Exercise. Repeat the data word for word. Do not include the pictures.

Supplied information.
--- --- ---

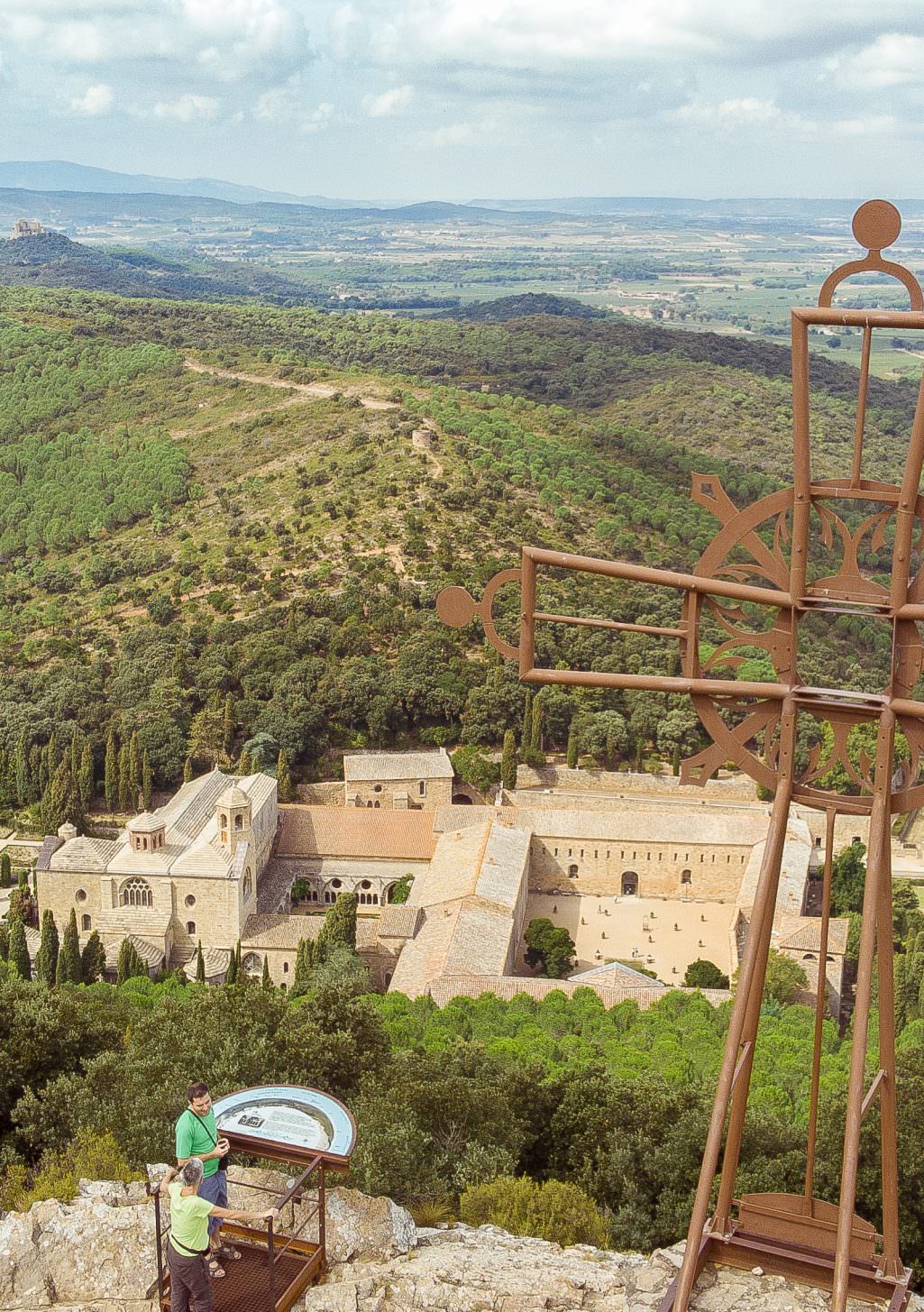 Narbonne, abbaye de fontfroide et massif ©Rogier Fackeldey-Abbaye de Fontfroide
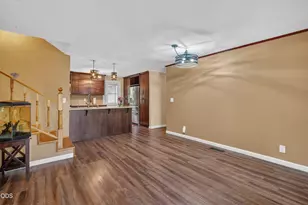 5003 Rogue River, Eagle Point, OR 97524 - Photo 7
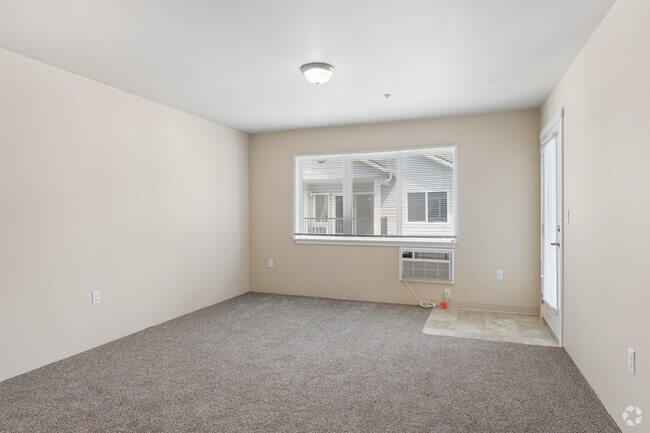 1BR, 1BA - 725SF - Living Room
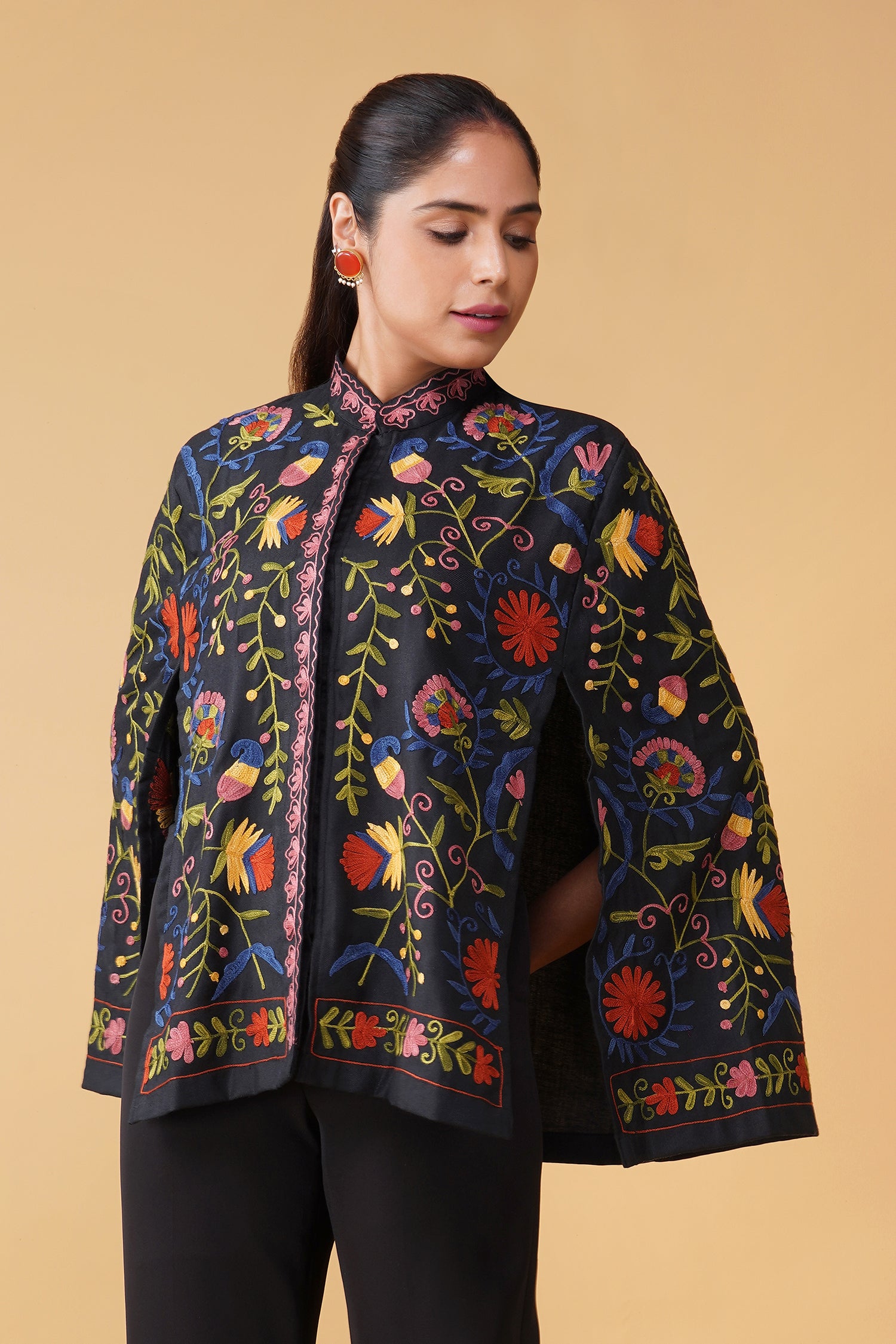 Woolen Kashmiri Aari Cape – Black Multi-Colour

--- --- ---

Reply to the task.
 Narbonne, abbaye de fontfroide et massif ©Rogier Fackeldey-Abbaye de Fontfroide
 5003 Rogue River, Eagle Point, OR 97524 - Photo 7
 1BR, 1BA - 725SF - Living Room
 Woolen Kashmiri Aari Cape – Black Multi-Colour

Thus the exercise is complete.